In high school, one odd job I had was helping a family friend with his home construction. He had some unique ideas for his home, for sure. Very unconventional building techniques.
One day, we took a flatbed truck out to the local airpark. Evidently they had demolished a hangar recently. It dated back to the 1930's.
This friend took a massive attic support beam from the demolished hangar back to his house site and cut it to length to serve as the spine of his sub-floor. The support beam was a series of true-dimension 2x12 boards that had been laminated one upon the other with glue and nails to a final dimension of 14x12, IIRC. He cut out the very little bit of dryrot in the beam, patched it with an epoxy resin, then rigged a rather nifty floor leveling system to support this thing that allowed him to adjust the floor for level as the house or concrete foundation sagged over time.

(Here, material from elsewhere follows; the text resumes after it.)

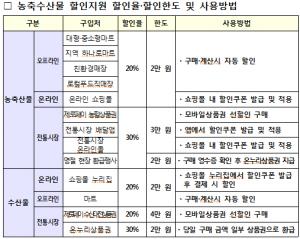 '추석맞이 농축수산물 할인대전' 개최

The beam survived 60-odd years of eastern Washington weather, and then building demolition, to be reused as the spine of a new home that will stand for probably another 75-100 years. It's a beautiful home today, just across the street from my old High School, a creek running through the property, he's got a waterwheel that generates power off the creek. I know it's not quite laminate like being discussed here, but old wood getting reused has a sentimentality to it, and new laminate timber beams will end up being used 100 years from now by someone much like we reused that hangar rafter beam.